## [WHAT THE TASK REQUIRES]
Reproduce the full listing as it stands. Images do not belong in the copy.

+---+

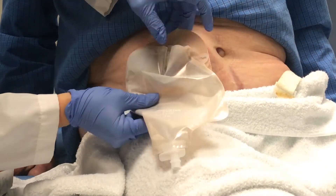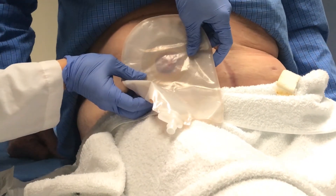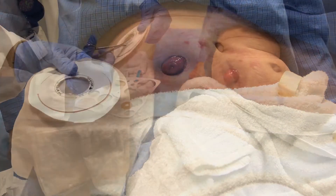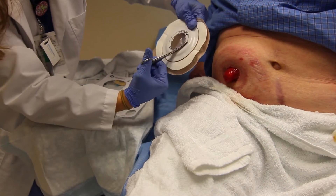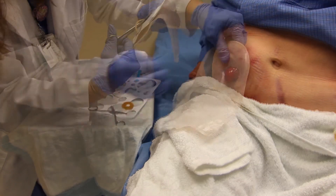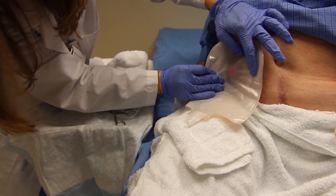Re-check to ensure you have the correct size, making sure that the pouch opening is on top of skin and not on the stoma. Make small adjustments as needed, ensuring not to cut too large. Re-check once more.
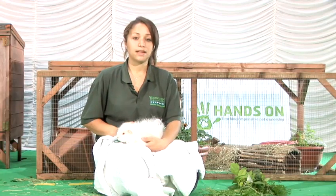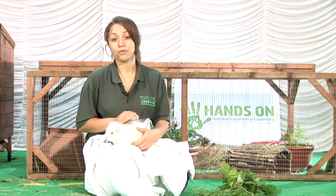I'm going to tell you how to trim guinea pigs' nails. It's really important that you check your guinea pigs' nails at least every three to four weeks. Guinea pigs' nails as they get older can grow quite quickly. If they're left they can curl around and cut into the pad and make walking quite uncomfortable for them.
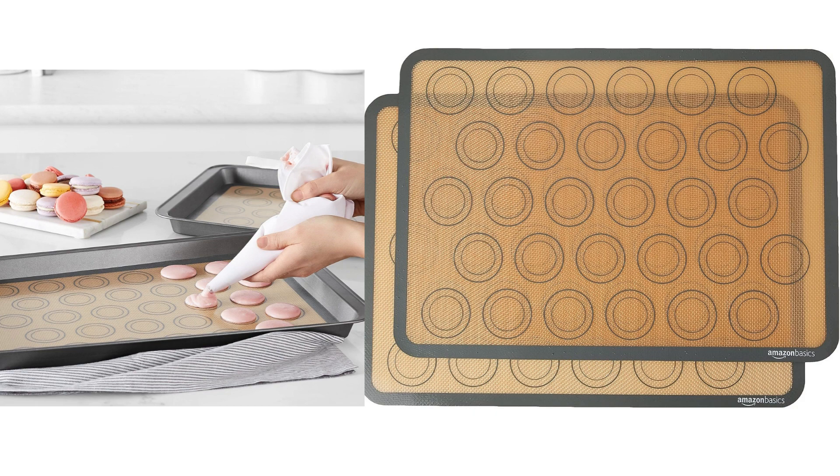The color combination of beige and gray might not be the most exciting, but it's a minor detail considering the functionality of the mats. However, it would be nice to have more color options to choose from to match different kitchen aesthetics.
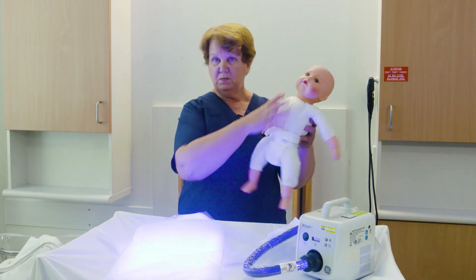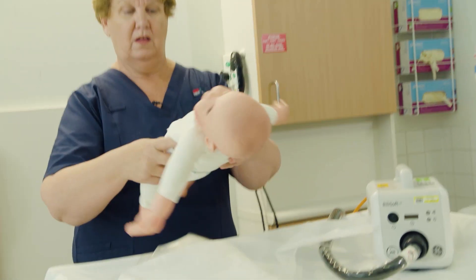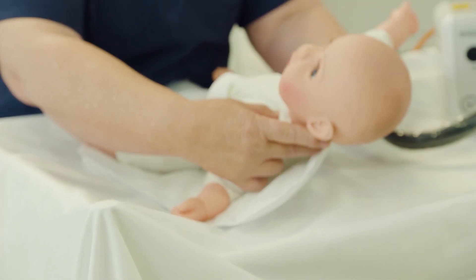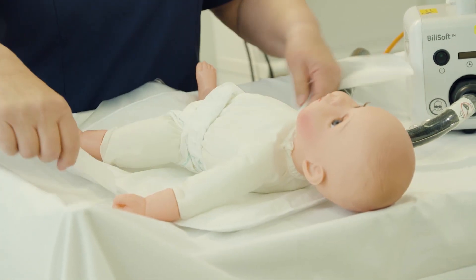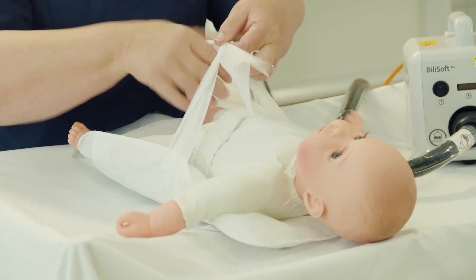Your baby should be completely naked except for a nappy. The baby is placed on the BillySoft to the nape of the neck, the top of the shoulders, and then it is firmly tied around your baby.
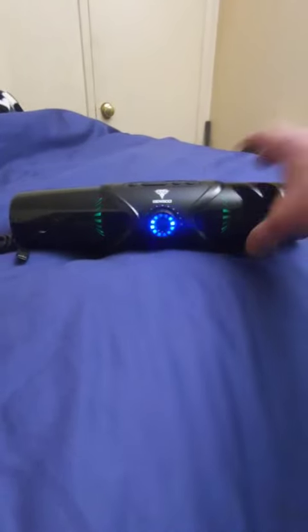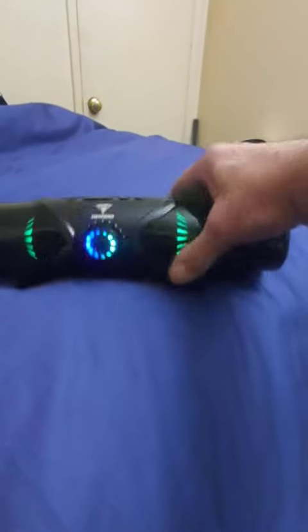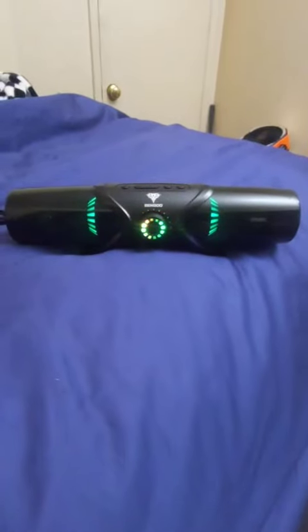I'll probably be using it for my Android phone. You got the lights, you could put it just about anywhere. It's a Bluetooth speaker — I like it. It's got good sound, good depth to it for a small portable speaker, and yeah, I like it.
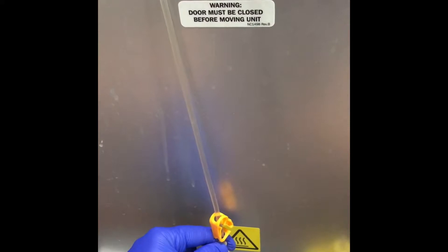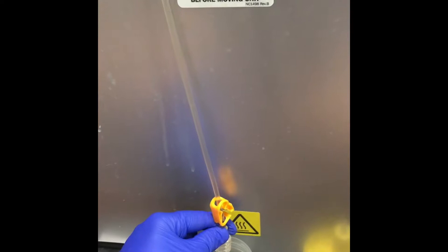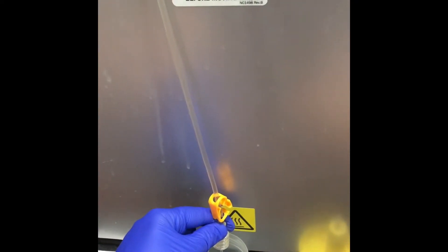This is done every time I make a new batch. I get two treatments per batch and I do this before starting the new batch.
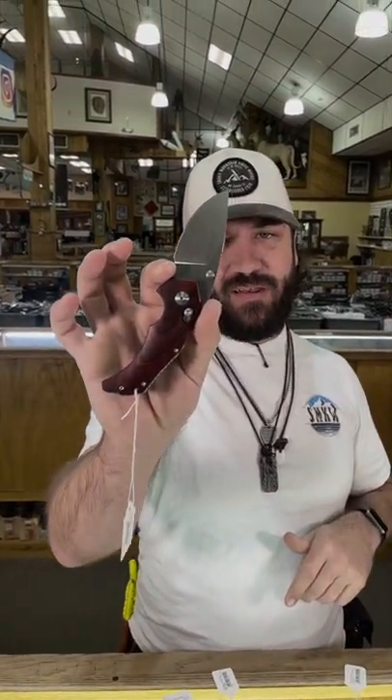What's happening everybody? We are back at the Daily Grind today. We've got a really cool new knife from Mikkel Willemsen. This is his production line straight out of Copenhagen, Denmark.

+---+

## [ANSWER BOX]
Re-check to ensure you have the correct size, making sure that the pouch opening is on top of skin and not on the stoma. Make small adjustments as needed, ensuring not to cut too large. Re-check once more.
I'm going to tell you how to trim guinea pigs' nails. It's really important that you check your guinea pigs' nails at least every three to four weeks. Guinea pigs' nails as they get older can grow quite quickly. If they're left they can curl around and cut into the pad and make walking quite uncomfortable for them.
The color combination of beige and gray might not be the most exciting, but it's a minor detail considering the functionality of the mats. However, it would be nice to have more color options to choose from to match different kitchen aesthetics.
Your baby should be completely naked except for a nappy. The baby is placed on the BillySoft to the nape of the neck, the top of the shoulders, and then it is firmly tied around your baby.
I'll probably be using it for my Android phone. You got the lights, you could put it just about anywhere. It's a Bluetooth speaker — I like it. It's got good sound, good depth to it for a small portable speaker, and yeah, I like it.
This is done every time I make a new batch. I get two treatments per batch and I do this before starting the new batch.
What's happening everybody? We are back at the Daily Grind today. We've got a really cool new knife from Mikkel Willemsen. This is his production line straight out of Copenhagen, Denmark.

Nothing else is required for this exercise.